Are you suggesting new methods or functions like to_json/from_json in NumPy itself?
that would work - either define a subclass of JSONEncoder to serialize ndarray and allow users to pass it to cls in json.dump, or, as you mentioned, define to_json/from_json like pandas DataFrame <https://pandas.pydata.org/docs/reference/api/pandas.DataFrame.to_json.html> would save people from writing customized codes/formats.
I am also wondering if there is a more automated way to tell json.dump/dumps to use a default serializer for ndarray without using cls=...? I saw a SO post mentioned about a method called "__serialize__" in a class, but can't find it in the official doc. I am wondering if anyone is aware of the method defining a default json serializer in an object?

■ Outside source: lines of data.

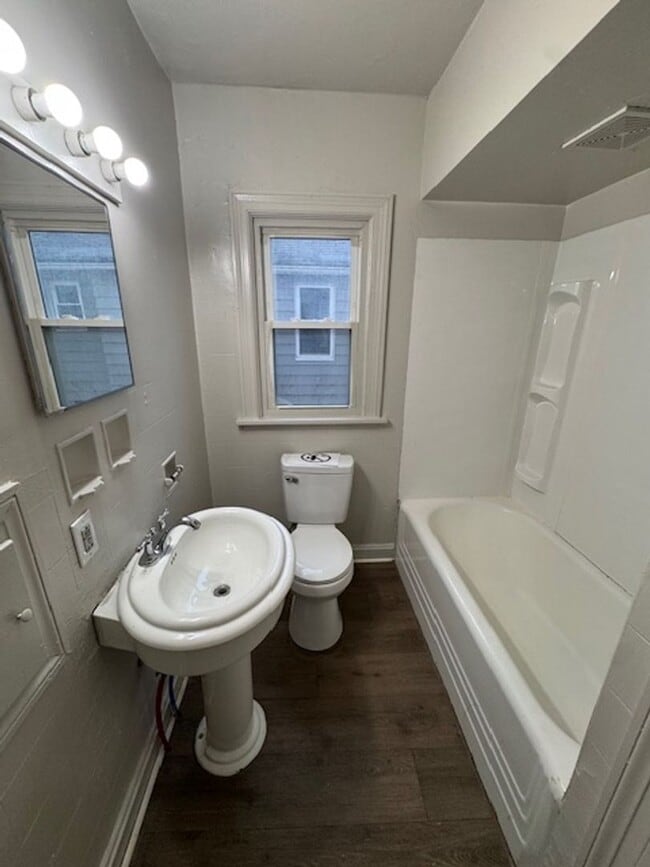 Building Photo - 3415 Holton Ave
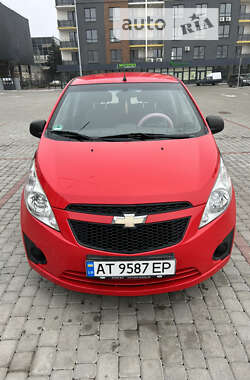 Характеристики Chevrolet Spark Хэтчбек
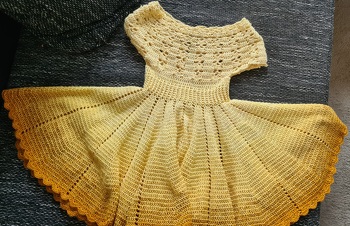 Meine Tochter hat sich ein Kleid in gelb gewünscht u. ich fand das Design einfach toll. Die Anleitung war auch verständlich u. umsetzbar. Ich bin kein Profi im Häkeln (1 Jahr Erfahrung)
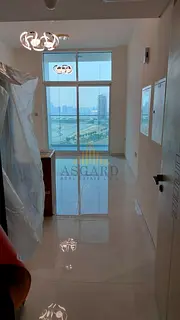 Spacious 1BHK | High Floor | Unfurnished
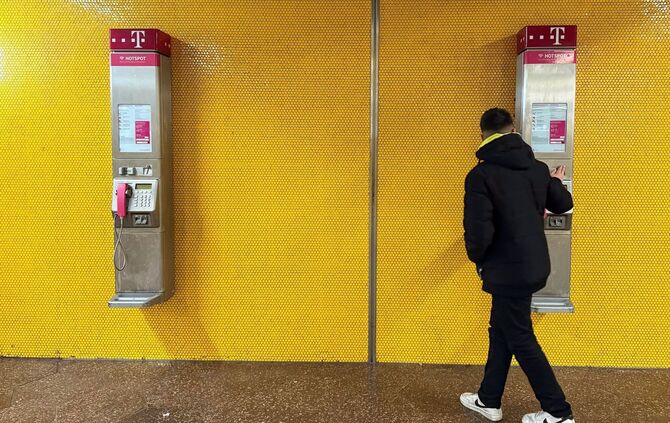 Zwei abgeschaltete öffentliche Telefone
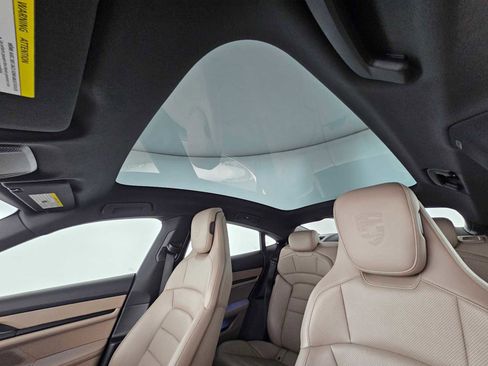 Used 2022 Porsche Taycan 4S image 22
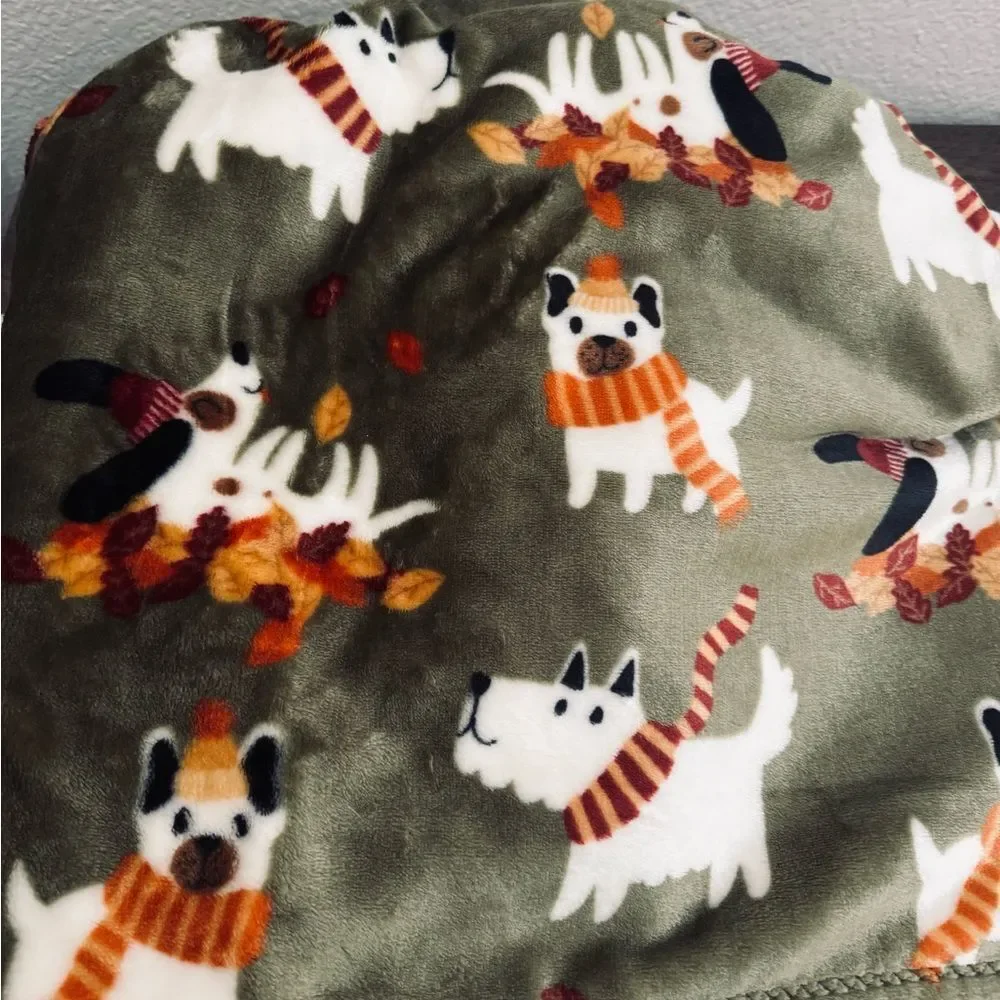 Forest Green Fall Autumn Dogs Leaves Print Plush Throw Blanket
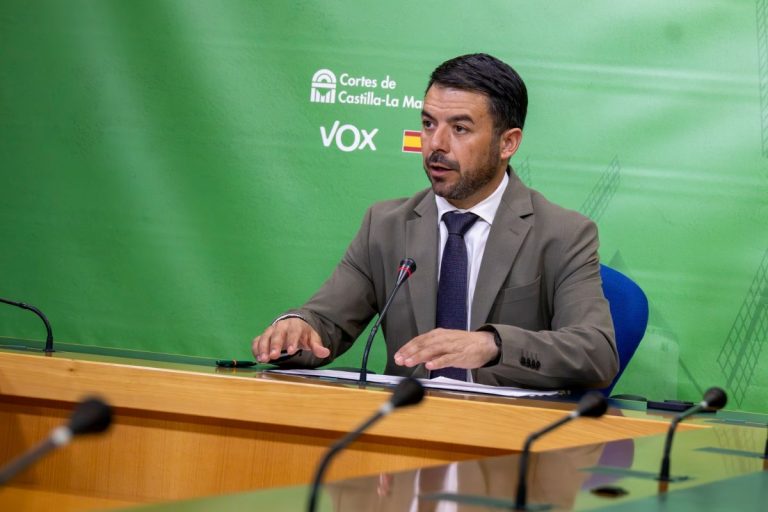 Vox pide reactivar la carrera profesional en C-LM tras 14 años paralizada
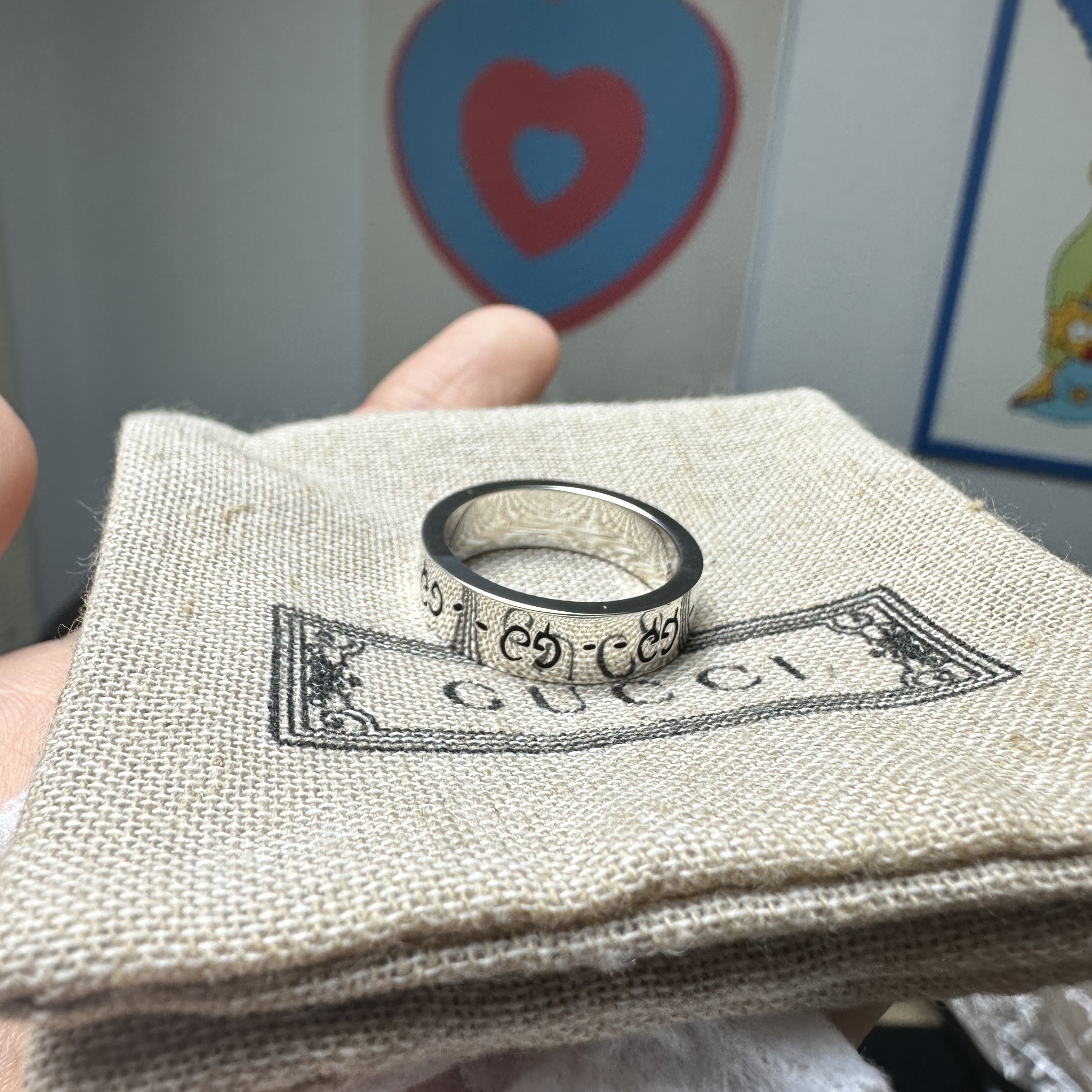 Gucci Ghost Ring Silver 6mm 착용 스타일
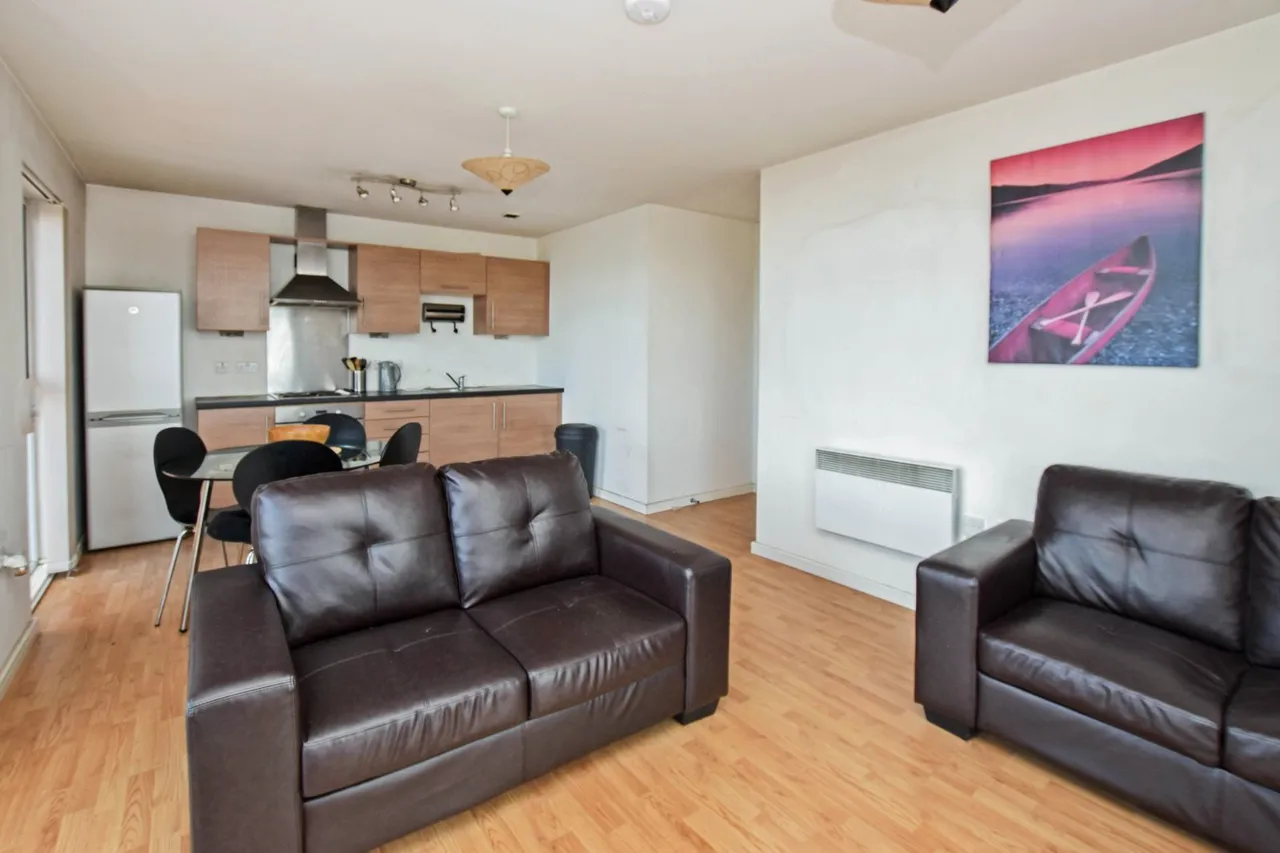 Stillwater Drive, Openshaw, M11, photo 4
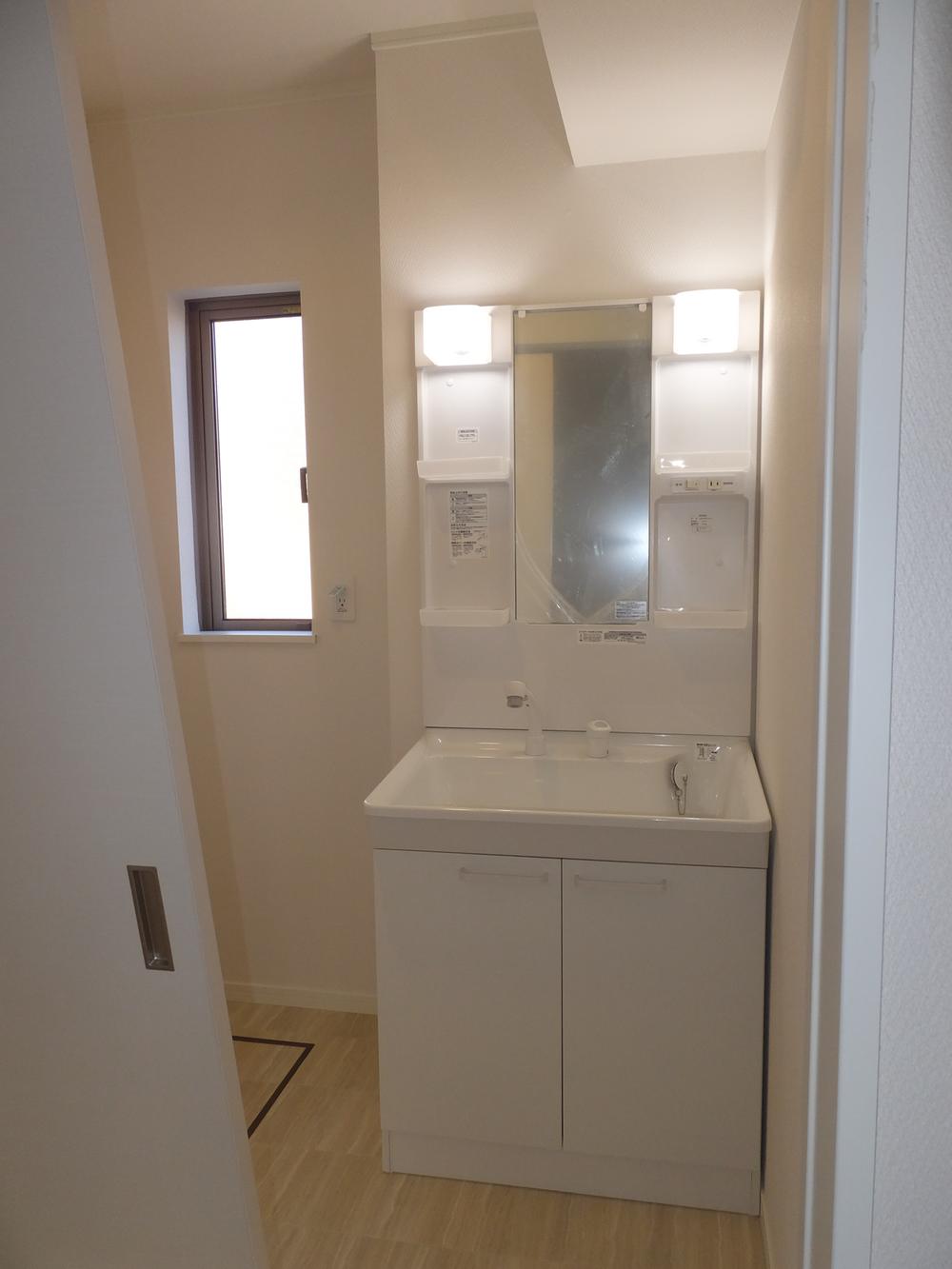 Wash basin, toilet. Local (12 May 2013) Shooting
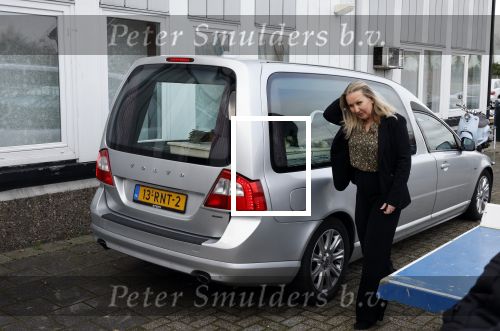 Amsterdam 4 februari 2023
Herdenkingsdienst/Begrafenis Heddy Lester.
Pinkstergemeente Molenkade. Petra Berger is de Begrafenisondernemer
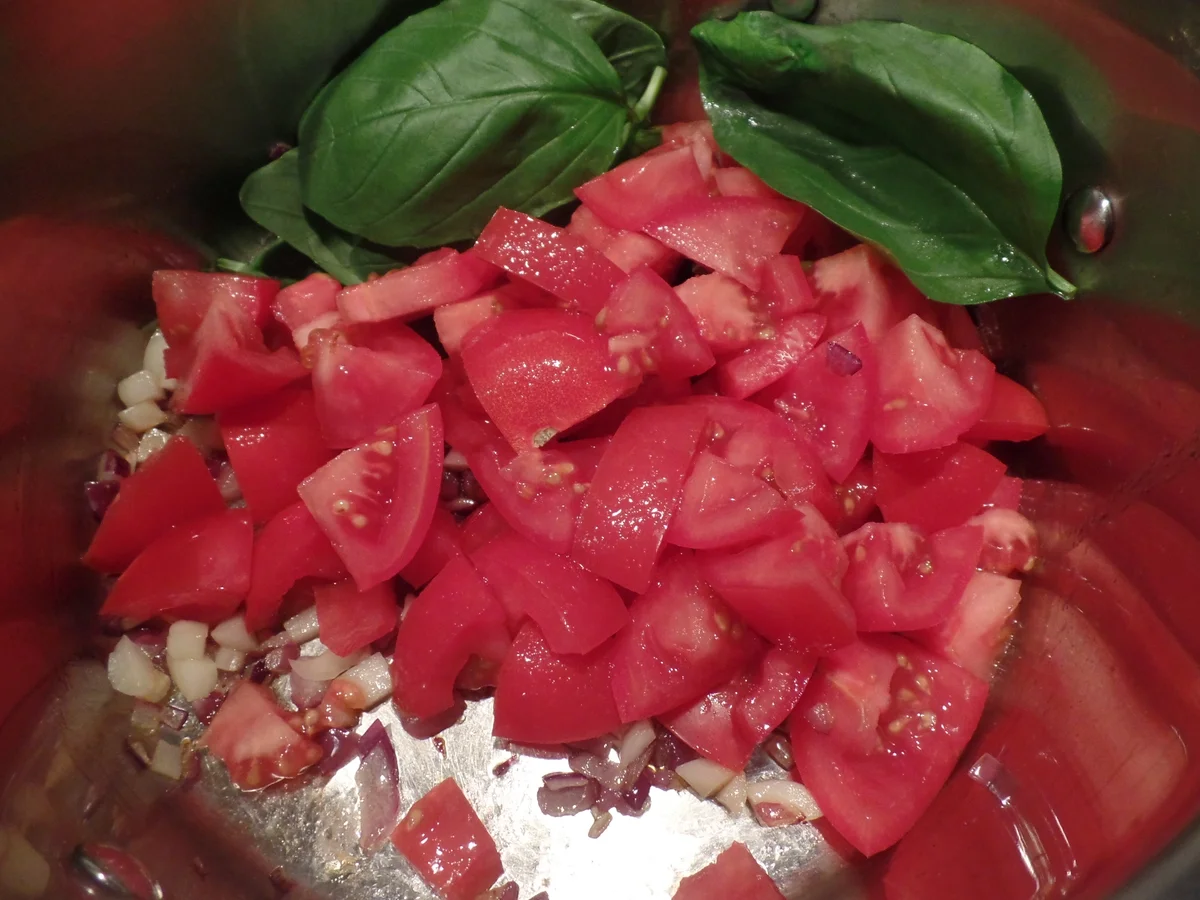 Rezept: Tomatensugo Bild Nr. 7692 Tomatensugo - Rezept - Bild Nr. 7692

There isn't one. You have to explicitly provide the JSONEncoder. Which is why there is nothing that we can really do in numpy to avoid the TypeError that you mention below. The stdlib json module just doesn't give us the hooks to be able to do that. We can provide top-level functions like to_json()/from_json() to encode/decode a top-level ndarray to a JSON text, but that doesn't help with ndarrays in dicts or other objects. We could also provide a JSONEncoder/JSONDecoder pair, too, but as I mention in one of the Github issues you link to, there are a number of different expectations that people could have for what the JSON representation of an array is. Some will want to use the JData standard. Others might just want the arrays to be represented as lists of lists of plain-old JSON numbers in order to talk with software in other languages that have no particular standard for array data.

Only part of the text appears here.